To produce output vector 𝐲i, the self attention operation simply takes a weighted average over all the input vectors

$$𝐲_{i}= \sum_{j}w_{ij}𝐱_{j}$$
Where j indexes over the whole sequence and the weights sum to one over all j. The weight wij is not a parameter, as in a normal neural net, but it is derived from a function over 𝐱i and 𝐱j. The simplest option for this function is the dot product:

$$w^′_{ij}=𝐱_{i}^T𝐱_{j}$$
Note that 𝐱i is the input vector at the same position as the current output vector 𝐲i. For the next output vector, we get an entirely new series of dot products, and a different weighted sum.
![Image](http://peterbloem.nl/files/transformers/self-attention.svg)


In [5]:
raw_weights = torch.bmm(X, X.transpose(1, 2))
#   torch.bmm is a batched matrix multiplication.

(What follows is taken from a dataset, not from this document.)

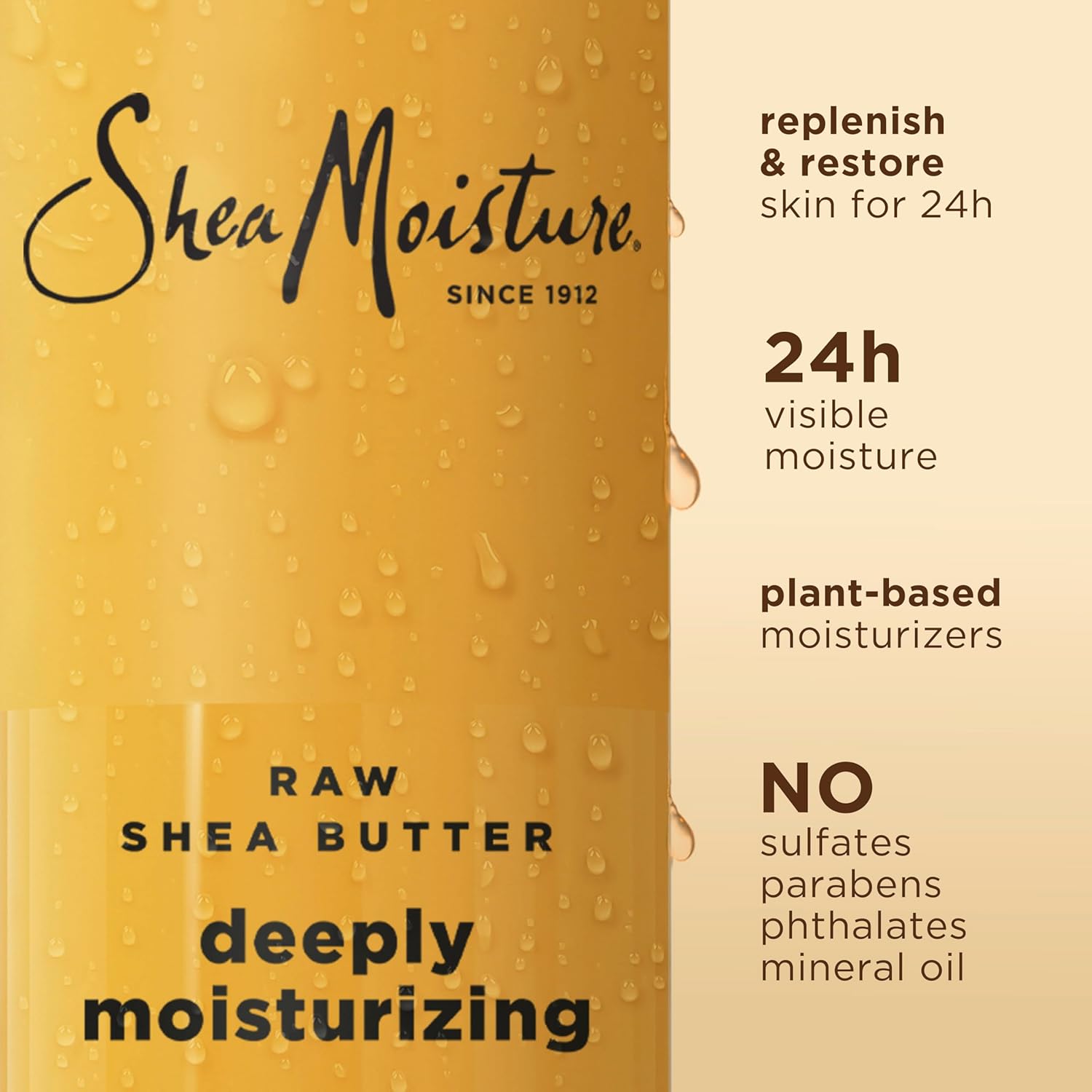 SheaMoisture Raw Shea Butter Body Wash Moisturize and Restore Deeply Moisturizing body wash for 24H Visible Moisture for Healthy, Glowing Skin 18 oz - Image 4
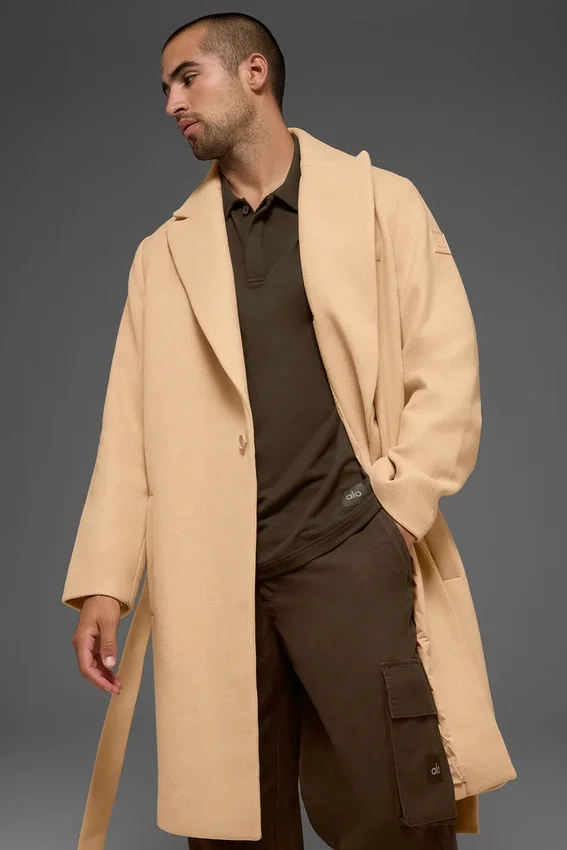 Wool Gameday Overcoat – kamel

It 
#   applies matrix multiplication over batches of 
#   matrices.

The dot product gives us a value anywhere between negative and positive infinity, so we apply a softmax to map the values to $[0,1]$ and to ensure that they sum to 1 over the whole sequence:

$$w_{ij}= \frac{exp(w^′_{ij})}{∑_{j}exp(w^′_{ij})}$$
And that’s the basic operation of self attention.
To turn the raw weights $w^′_{ij}$ into positive values that sum to one, we apply a row-wise softmax:

In [6]:
weights = F.softmax(raw_weights, dim=2)

To compute the output sequence, we just multiply the weight matrix by 𝐗. This results in a batch of output matrices 𝐘 of size (b, t, k) whose rows are weighted sums over the rows of 𝐗.
$$𝐲_{i}=∑_{j}w_{ij}𝐱_{j}$$

In [8]:
Y = torch.bmm(weights, X)

Y is the output-vector with self-attention.